▶ **Task instructions**
Omit any pictures, and restate word for word only the lines from the one with "And these are" through the end of the data below.

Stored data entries
== == ==

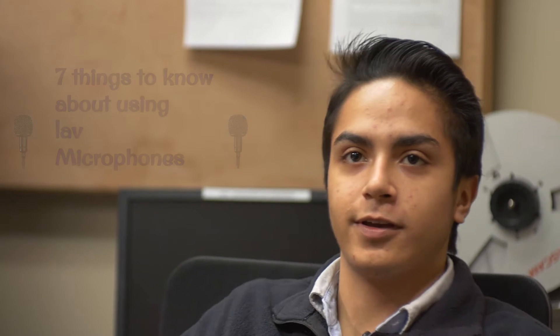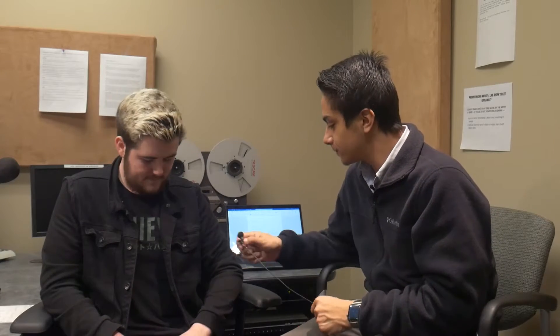When placing the microphone on your talent, you must hide it by placing it through their clothes. So I'm gonna put this through your clothes there — like that.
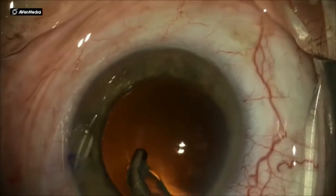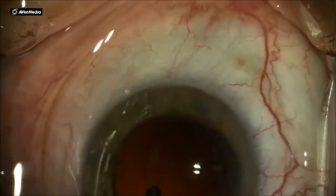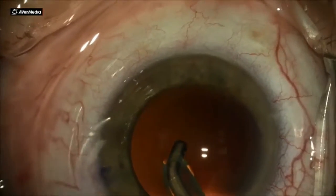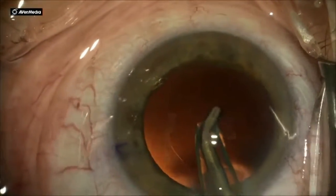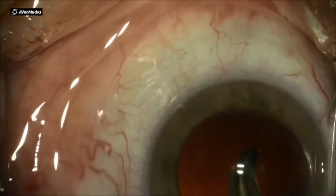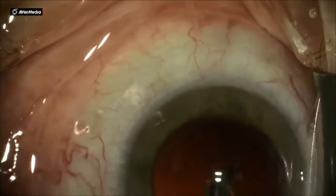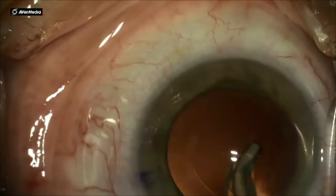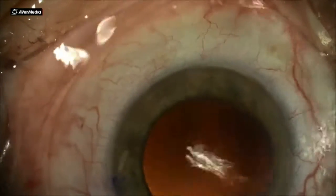And these are the tendrils — they look like seaweed or kelp underwater. They're attached to the posterior capsule but float about, and I very gently remove as much of those adherent fibrils of cortex as possible before the next step, which is implant insertion.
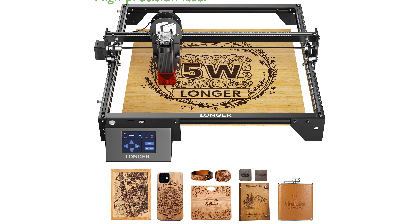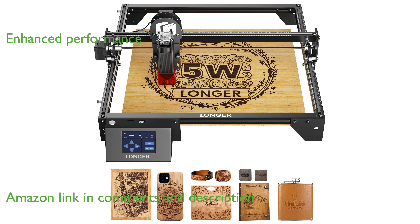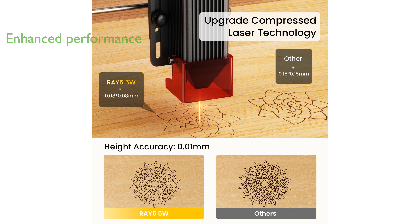The Longer Ray 5 laser engraver features a high-precision laser that ensures detailed and accurate engravings with a spot size of 0.08 millimeters. Equipped with a powerful 240 megahertz ESP32 chipset, this engraver offers enhanced performance and a user-friendly 3.5-inch color touchscreen for easy control.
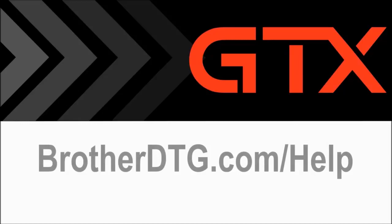If you need additional support, please fill out our web form at brotherdtg.com/help for further assistance.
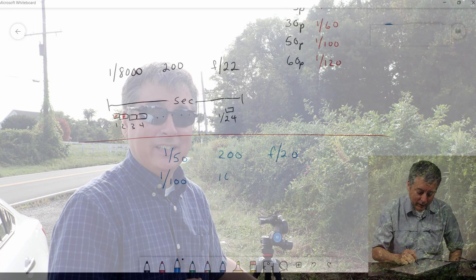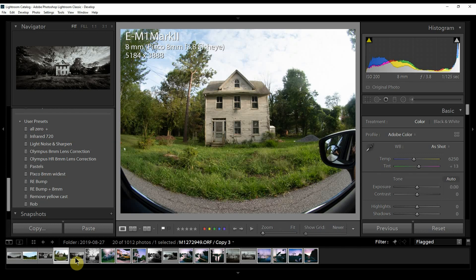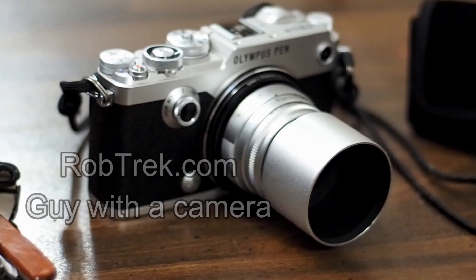If you've been following my channel, you know I like to do photo walks, vlogs, Olympus tutorials, and product reviews. From time to time, someone will ask how I processed an image, because I don't talk about that much. Honestly, 80-90% of the time the image is straight out of camera. But sometimes I do need to process them to give it that extra punch. I'll show you how I converted this raw image into the final processed version today.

== == ==

▶ **Output of the task**
And these are the tendrils — they look like seaweed or kelp underwater. They're attached to the posterior capsule but float about, and I very gently remove as much of those adherent fibrils of cortex as possible before the next step, which is implant insertion.
The Longer Ray 5 laser engraver features a high-precision laser that ensures detailed and accurate engravings with a spot size of 0.08 millimeters. Equipped with a powerful 240 megahertz ESP32 chipset, this engraver offers enhanced performance and a user-friendly 3.5-inch color touchscreen for easy control.
If you need additional support, please fill out our web form at brotherdtg.com/help for further assistance.
If you've been following my channel, you know I like to do photo walks, vlogs, Olympus tutorials, and product reviews. From time to time, someone will ask how I processed an image, because I don't talk about that much. Honestly, 80-90% of the time the image is straight out of camera. But sometimes I do need to process them to give it that extra punch. I'll show you how I converted this raw image into the final processed version today.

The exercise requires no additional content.